Dally, who leads a team of over 300 researchers at NVIDIA, highlights the remarkable 1,000x improvement in single GPU performance on AI inference achieved over the past decade. This advancement, dubbed "Huang's Law" after NVIDIA's founder and CEO Jensen Huang, was a response to the rapid growth of large language models used in generative AI. Dally explains that the hardware industry had to keep up with this demand.
In his talk, Dally explains the factors behind the 1,000x gain. The largest contribution came from finding simpler ways to represent the numbers used in computer calculations, resulting in a sixteen-fold increase. The latest NVIDIA Hopper architecture utilizes a dynamic mix of eight- and 16-bit floating point and integer math, specifically designed for generative AI models. Dally also discusses the performance gains and energy savings achieved through advanced instructions that optimize GPU work organization.

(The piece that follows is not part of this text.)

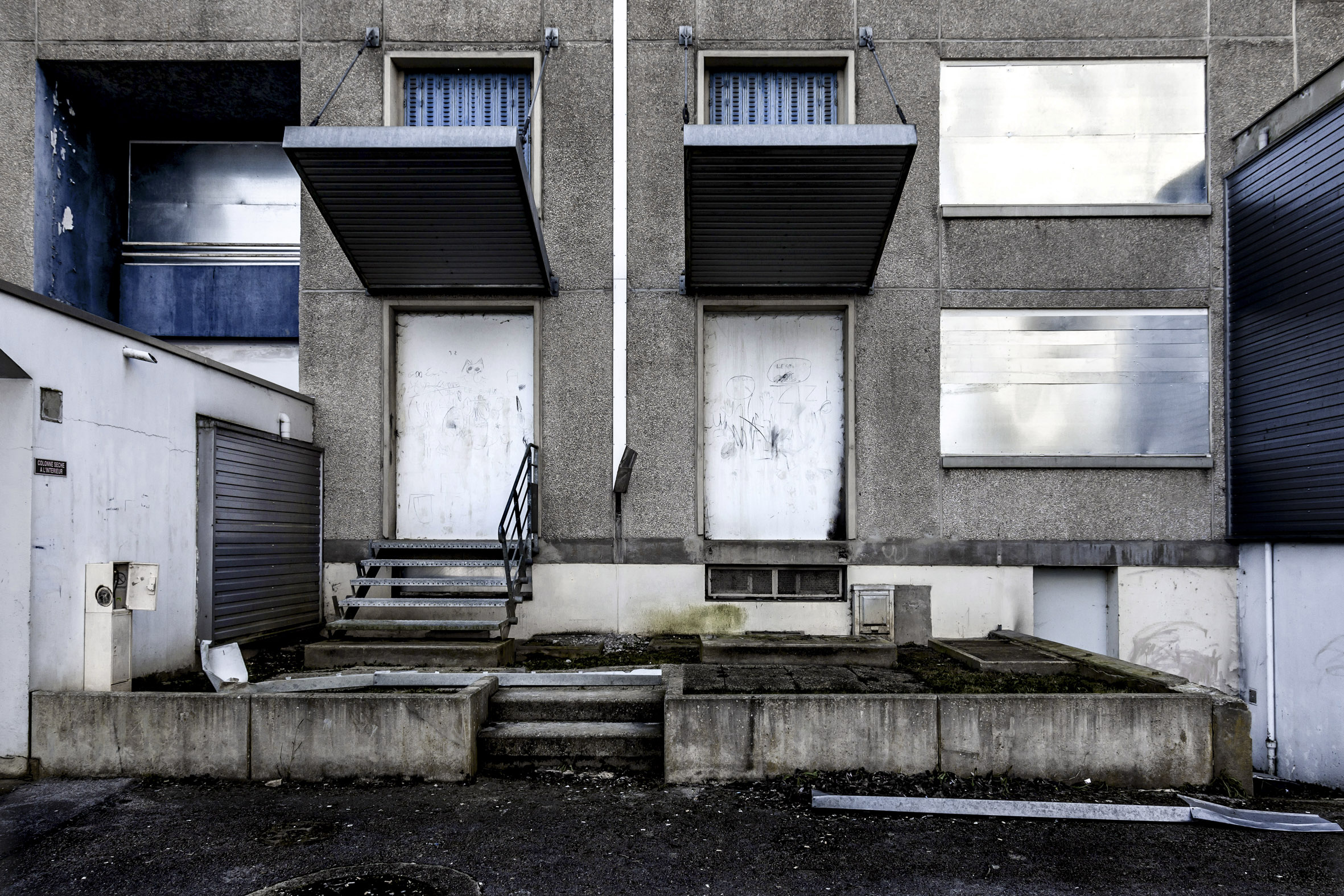Détail d'une entrée d'un des immeubles des 408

Additionally, the NVIDIA Ampere architecture introduced structural sparsity, a technique that simplifies AI model weights without compromising accuracy. This innovation contributed to a 2x performance increase. Dally also mentions the impact of NVLink interconnects and NVIDIA networking in compounding the 1,000x gains in single GPU performance.
Despite migrating GPUs to smaller semiconductor nodes, Dally notes that this technology only accounted for a 2.5x increase in total gains over the decade. This is a significant departure from the past, where Moore's law predicted a doubling of performance every two years through shrinking chips.
However, Dally remains optimistic about the future. He believes that Huang's law will continue to drive advancements, with opportunities to simplify number representation, increase sparsity in AI models, and design better memory and communication circuits. Dally concludes by stating that it is an exciting time to be a computer engineer, as each new chip and system generation presents new opportunities for innovation.